Major Professor: John G. Dale, PhD, Department of Sociology and Anthropology

Committee Members: Lester Kurtz, Agnieska Paczynska

The Hub (SUB II), #VIP III
June 29, 2018, 09:00 AM to 11:00 AM

Abstract:

Capacity development has captured the attention of the donor community as an all-encompassing strategy and objective of international development. Nowhere is capacity development more challenging than in Afghanistan and Pakistan. The impact of global conflict, waves of refugee and militant migrations, as well as covert relationships among donors, states, and revolutionaries surrounding aid and weapons has legitimized and facilitated the rise of transnational militancy. The cultivation of this transnational infrastructure for militancy has paralleled transformations in the rise of a development-security nexus, inhibiting donor efforts to build state capacity. In tracing the discursive phases of capacity from global agenda setting processes to donor methodologies and finally to project implementation, I highlight spaces of donor collaboration as well as tensions

among actors and institutions surrounding claims of expertise and in processes of knowledge production. As a development agency with a deep historical engagement with both Afghanistan and Pakistan, USAID provides a wide-angled empirical wellspring from which to examine the donor community’s efforts to build capacity.
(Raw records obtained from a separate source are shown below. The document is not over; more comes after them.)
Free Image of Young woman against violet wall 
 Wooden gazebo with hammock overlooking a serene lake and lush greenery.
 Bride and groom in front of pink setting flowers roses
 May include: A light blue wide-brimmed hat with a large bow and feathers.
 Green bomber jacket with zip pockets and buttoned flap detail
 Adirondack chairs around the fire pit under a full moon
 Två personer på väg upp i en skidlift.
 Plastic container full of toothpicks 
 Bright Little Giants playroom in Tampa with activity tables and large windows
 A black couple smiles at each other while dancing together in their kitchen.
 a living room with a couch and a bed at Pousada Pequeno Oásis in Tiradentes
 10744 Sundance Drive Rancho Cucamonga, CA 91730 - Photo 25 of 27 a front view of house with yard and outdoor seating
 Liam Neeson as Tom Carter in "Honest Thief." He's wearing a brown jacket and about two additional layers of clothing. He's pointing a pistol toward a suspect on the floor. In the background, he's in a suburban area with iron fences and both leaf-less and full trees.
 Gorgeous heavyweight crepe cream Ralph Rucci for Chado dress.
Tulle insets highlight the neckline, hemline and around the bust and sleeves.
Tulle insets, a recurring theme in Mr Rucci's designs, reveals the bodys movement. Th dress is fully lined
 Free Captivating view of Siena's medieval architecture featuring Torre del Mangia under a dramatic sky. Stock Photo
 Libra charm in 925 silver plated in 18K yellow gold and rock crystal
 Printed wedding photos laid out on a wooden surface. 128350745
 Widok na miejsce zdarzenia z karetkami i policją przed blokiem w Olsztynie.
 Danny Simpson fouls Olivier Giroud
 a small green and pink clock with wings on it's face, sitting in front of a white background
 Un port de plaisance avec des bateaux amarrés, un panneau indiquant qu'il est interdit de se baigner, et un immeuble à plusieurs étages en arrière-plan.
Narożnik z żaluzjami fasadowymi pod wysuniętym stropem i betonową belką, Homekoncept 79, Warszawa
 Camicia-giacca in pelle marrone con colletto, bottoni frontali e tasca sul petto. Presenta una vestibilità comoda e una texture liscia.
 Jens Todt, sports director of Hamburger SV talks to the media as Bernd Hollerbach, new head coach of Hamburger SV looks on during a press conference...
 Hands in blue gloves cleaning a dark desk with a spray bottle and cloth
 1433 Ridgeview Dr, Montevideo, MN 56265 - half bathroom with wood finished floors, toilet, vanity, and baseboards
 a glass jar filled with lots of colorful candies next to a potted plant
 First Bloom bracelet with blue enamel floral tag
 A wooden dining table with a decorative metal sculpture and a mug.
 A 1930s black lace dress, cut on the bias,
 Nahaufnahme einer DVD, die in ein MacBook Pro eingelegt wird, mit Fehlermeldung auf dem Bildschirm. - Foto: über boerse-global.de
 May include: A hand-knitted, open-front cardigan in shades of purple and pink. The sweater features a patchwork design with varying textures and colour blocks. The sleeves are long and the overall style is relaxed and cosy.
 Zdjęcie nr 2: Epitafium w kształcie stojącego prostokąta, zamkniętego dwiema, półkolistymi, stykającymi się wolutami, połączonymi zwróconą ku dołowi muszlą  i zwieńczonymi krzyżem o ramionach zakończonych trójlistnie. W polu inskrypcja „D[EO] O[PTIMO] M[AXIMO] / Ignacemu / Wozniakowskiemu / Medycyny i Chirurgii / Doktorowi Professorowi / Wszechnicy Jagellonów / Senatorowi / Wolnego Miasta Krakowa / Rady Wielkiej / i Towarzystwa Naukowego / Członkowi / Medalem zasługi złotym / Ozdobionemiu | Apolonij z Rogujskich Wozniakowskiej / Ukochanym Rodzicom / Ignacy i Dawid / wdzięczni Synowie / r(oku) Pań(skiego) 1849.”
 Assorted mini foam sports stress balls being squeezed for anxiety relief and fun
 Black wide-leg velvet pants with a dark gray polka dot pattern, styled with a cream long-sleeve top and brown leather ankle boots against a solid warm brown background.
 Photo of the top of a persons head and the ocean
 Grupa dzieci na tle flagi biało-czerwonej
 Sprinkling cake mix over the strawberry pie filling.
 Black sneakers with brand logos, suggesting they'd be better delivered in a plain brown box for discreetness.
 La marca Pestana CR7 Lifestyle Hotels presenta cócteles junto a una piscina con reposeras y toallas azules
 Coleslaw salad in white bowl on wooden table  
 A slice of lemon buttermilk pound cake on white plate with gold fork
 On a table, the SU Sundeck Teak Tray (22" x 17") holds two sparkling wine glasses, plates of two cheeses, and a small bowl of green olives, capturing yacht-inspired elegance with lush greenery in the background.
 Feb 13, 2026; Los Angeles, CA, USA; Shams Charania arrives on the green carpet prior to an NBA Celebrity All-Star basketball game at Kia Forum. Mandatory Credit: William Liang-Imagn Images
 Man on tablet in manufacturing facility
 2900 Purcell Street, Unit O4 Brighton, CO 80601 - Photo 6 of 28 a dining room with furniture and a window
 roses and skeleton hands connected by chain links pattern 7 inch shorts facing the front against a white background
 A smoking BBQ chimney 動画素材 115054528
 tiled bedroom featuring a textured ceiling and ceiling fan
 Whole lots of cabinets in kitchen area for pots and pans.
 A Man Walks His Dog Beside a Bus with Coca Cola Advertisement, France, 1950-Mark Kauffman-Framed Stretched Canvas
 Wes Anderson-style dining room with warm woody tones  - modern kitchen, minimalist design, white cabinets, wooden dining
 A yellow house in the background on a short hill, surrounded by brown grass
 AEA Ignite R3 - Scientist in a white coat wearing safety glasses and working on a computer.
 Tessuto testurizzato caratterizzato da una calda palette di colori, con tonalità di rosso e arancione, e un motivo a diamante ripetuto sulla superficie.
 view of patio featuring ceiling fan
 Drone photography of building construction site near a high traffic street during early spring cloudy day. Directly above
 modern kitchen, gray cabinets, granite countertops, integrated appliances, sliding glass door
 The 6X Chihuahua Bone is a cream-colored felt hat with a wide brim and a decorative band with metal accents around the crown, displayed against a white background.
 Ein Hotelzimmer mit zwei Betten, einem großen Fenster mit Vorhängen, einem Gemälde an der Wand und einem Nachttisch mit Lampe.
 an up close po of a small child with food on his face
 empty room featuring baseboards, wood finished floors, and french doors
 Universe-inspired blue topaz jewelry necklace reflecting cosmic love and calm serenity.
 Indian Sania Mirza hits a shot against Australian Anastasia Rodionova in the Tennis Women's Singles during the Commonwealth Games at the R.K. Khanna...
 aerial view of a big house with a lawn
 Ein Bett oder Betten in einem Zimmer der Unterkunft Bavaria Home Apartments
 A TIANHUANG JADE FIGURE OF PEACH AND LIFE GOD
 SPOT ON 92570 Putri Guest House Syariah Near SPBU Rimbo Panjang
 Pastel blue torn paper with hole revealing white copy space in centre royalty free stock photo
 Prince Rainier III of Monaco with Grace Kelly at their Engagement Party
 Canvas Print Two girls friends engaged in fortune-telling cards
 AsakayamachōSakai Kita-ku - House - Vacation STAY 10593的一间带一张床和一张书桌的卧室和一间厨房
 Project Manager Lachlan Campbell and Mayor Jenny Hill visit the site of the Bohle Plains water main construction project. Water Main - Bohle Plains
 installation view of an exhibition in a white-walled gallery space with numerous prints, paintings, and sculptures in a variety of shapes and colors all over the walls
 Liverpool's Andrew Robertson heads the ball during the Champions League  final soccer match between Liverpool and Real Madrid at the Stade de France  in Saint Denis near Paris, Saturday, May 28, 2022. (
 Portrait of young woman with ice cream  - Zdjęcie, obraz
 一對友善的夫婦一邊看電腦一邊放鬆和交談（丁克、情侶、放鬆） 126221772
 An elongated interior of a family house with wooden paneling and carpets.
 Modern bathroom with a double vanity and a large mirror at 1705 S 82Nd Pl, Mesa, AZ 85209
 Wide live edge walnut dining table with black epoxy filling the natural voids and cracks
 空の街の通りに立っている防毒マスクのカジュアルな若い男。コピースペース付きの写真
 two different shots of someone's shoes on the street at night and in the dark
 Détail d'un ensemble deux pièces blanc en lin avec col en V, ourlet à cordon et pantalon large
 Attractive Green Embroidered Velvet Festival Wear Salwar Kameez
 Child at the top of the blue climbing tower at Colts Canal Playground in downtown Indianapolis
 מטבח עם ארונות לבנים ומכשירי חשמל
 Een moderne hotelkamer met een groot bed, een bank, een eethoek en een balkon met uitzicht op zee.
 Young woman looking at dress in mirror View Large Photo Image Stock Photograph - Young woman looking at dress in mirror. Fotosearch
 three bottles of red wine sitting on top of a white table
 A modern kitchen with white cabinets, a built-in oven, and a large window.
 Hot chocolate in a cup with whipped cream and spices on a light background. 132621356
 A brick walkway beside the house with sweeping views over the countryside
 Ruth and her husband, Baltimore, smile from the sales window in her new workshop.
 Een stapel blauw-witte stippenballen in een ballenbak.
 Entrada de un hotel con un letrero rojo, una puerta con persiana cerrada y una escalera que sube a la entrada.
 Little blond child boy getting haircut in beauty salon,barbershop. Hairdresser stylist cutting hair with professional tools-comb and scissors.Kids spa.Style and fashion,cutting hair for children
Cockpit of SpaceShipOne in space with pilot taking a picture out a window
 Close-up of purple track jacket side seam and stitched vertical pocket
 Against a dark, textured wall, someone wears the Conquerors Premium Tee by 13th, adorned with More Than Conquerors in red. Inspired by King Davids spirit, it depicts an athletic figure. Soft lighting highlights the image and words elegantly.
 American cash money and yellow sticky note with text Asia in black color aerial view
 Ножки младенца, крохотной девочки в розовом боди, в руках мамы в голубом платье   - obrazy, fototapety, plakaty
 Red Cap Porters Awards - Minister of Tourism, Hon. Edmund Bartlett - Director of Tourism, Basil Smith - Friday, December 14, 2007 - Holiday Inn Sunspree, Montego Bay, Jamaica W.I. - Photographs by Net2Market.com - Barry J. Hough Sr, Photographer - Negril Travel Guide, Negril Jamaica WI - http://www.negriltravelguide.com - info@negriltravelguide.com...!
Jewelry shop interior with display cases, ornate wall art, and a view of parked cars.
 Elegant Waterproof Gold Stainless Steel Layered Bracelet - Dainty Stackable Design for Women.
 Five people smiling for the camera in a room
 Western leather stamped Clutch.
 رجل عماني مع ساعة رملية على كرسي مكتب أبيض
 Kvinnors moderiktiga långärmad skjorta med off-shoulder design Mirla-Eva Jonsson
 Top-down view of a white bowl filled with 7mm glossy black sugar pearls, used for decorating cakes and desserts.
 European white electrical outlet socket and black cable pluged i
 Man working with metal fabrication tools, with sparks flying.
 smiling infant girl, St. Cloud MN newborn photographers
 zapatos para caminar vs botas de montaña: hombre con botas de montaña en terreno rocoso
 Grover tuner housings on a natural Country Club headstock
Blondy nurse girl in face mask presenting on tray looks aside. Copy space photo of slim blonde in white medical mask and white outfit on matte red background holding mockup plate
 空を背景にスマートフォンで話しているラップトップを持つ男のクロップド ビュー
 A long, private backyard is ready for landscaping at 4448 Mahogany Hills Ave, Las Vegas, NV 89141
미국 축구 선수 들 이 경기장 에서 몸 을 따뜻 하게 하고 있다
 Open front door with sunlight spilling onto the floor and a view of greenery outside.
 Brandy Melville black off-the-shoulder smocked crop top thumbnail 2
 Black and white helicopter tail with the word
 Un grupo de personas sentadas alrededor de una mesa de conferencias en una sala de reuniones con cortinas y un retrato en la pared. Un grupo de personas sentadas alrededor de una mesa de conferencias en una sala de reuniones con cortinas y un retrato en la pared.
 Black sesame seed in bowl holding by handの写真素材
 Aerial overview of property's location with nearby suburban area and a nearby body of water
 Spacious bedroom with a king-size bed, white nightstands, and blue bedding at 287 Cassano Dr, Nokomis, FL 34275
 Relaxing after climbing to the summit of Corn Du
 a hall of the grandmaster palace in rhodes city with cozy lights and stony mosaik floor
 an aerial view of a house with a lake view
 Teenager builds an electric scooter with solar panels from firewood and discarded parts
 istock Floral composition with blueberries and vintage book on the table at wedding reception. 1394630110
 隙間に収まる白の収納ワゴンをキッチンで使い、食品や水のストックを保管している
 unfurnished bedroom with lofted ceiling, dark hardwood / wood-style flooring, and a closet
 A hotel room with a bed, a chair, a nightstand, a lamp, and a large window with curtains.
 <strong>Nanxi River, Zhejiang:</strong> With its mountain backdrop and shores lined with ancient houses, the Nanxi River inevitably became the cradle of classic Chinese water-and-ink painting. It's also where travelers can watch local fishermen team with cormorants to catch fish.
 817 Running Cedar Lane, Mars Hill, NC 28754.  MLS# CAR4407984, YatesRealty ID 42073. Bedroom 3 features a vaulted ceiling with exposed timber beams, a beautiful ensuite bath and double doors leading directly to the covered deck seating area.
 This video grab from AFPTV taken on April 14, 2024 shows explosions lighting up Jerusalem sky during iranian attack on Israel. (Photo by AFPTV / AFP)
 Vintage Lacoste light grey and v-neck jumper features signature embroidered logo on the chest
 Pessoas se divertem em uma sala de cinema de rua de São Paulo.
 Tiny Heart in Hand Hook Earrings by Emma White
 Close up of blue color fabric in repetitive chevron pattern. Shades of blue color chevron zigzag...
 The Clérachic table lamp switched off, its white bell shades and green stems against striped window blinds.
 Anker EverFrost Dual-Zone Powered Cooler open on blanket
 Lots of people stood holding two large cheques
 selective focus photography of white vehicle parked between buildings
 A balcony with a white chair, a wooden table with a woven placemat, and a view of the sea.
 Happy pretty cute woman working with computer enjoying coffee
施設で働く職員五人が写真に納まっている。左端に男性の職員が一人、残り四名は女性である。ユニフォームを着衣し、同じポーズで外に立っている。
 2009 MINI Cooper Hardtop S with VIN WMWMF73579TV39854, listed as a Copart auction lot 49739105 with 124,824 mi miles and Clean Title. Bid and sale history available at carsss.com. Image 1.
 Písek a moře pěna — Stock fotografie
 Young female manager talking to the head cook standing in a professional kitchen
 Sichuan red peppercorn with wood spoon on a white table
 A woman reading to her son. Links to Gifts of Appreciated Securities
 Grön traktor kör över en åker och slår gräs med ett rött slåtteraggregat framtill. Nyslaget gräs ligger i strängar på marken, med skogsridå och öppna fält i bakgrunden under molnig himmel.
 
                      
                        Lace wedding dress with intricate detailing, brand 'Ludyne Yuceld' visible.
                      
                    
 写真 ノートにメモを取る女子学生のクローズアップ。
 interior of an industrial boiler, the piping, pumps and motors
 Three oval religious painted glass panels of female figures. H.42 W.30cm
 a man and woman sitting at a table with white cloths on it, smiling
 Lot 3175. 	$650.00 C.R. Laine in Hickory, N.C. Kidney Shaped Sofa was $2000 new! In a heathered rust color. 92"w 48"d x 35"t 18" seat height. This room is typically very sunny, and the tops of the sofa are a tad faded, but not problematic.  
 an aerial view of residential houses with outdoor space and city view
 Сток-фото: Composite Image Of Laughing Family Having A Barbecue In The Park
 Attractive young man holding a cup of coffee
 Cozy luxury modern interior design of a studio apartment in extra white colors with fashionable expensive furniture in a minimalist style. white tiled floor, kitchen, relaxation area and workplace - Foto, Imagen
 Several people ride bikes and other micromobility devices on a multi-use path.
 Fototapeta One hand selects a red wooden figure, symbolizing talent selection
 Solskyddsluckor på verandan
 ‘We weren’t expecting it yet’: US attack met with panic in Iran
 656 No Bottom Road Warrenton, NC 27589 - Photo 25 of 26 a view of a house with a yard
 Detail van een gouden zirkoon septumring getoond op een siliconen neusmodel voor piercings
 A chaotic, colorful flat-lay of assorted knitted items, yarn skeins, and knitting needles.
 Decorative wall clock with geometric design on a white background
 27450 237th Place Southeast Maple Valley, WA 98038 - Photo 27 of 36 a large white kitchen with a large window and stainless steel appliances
Consistent with other donor frameworks, USAID’s methodologies on capacity development reveal a theoretically shallow transformation in donor methodologies over the past several decades, applying private sector models of performance and growth to public sector institutions in fragile states. Through the application of USAID development projects in Afghanistan and Pakistan, the donor scheme of statecraft to build and expand the capacity of states contending with transnational militancy demonstrates a limited understanding and reduction of the role of social power in the enabling environment context, particularly at subnational and transnational scales of operation. Furthermore, the donor challenge of developing the capacity of states combating transnational militancy ultimately represents a confrontation with the colonial heritage of donor states and a struggle over the ownership of development.